— Data supplied —
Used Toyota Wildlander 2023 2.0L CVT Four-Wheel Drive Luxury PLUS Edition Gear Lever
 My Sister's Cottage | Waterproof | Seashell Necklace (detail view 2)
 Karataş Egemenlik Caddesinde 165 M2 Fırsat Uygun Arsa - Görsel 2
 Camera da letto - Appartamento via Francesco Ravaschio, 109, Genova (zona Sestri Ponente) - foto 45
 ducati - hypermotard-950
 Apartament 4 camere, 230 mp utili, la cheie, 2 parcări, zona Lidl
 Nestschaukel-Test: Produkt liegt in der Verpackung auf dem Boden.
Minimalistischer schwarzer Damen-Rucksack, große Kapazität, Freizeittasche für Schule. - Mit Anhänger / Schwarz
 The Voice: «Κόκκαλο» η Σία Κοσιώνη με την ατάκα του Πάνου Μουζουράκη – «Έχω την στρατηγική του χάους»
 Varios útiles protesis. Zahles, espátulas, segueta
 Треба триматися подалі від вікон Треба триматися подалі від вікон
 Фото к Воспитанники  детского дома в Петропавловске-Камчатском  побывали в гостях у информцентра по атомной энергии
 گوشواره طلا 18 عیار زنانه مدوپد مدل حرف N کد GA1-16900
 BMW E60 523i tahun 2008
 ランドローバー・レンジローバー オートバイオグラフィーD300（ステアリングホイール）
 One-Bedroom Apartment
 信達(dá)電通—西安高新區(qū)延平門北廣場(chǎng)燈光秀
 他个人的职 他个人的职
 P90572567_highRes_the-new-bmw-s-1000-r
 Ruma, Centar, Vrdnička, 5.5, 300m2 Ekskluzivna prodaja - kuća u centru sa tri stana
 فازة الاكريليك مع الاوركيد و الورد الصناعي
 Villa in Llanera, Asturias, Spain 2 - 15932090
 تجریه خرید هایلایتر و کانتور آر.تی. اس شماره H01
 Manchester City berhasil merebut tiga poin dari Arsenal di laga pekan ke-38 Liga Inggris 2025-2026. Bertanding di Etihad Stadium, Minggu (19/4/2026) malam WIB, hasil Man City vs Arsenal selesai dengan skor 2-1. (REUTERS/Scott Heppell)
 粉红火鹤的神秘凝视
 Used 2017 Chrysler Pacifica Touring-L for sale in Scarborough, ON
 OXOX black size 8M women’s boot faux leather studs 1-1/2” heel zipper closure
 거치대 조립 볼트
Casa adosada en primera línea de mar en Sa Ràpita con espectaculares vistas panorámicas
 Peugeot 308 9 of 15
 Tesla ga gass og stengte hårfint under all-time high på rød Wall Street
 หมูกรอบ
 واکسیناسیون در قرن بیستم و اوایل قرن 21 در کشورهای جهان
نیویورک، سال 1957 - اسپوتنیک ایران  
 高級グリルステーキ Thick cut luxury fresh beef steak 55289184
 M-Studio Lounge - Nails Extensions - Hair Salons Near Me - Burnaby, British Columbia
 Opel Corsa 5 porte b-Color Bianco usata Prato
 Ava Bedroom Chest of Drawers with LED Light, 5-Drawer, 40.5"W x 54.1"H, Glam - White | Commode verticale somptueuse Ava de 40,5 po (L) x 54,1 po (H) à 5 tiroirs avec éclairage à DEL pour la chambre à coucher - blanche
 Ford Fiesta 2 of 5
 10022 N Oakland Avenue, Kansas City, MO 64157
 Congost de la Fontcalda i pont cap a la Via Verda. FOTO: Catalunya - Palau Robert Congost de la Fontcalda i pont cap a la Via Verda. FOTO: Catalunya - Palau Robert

— Your task —
Look through the material above for the word "zona" and copy every line that has it.

— Response area —
 Camera da letto - Appartamento via Francesco Ravaschio, 109, Genova (zona Sestri Ponente) - foto 45
 Apartament 4 camere, 230 mp utili, la cheie, 2 parcări, zona Lidl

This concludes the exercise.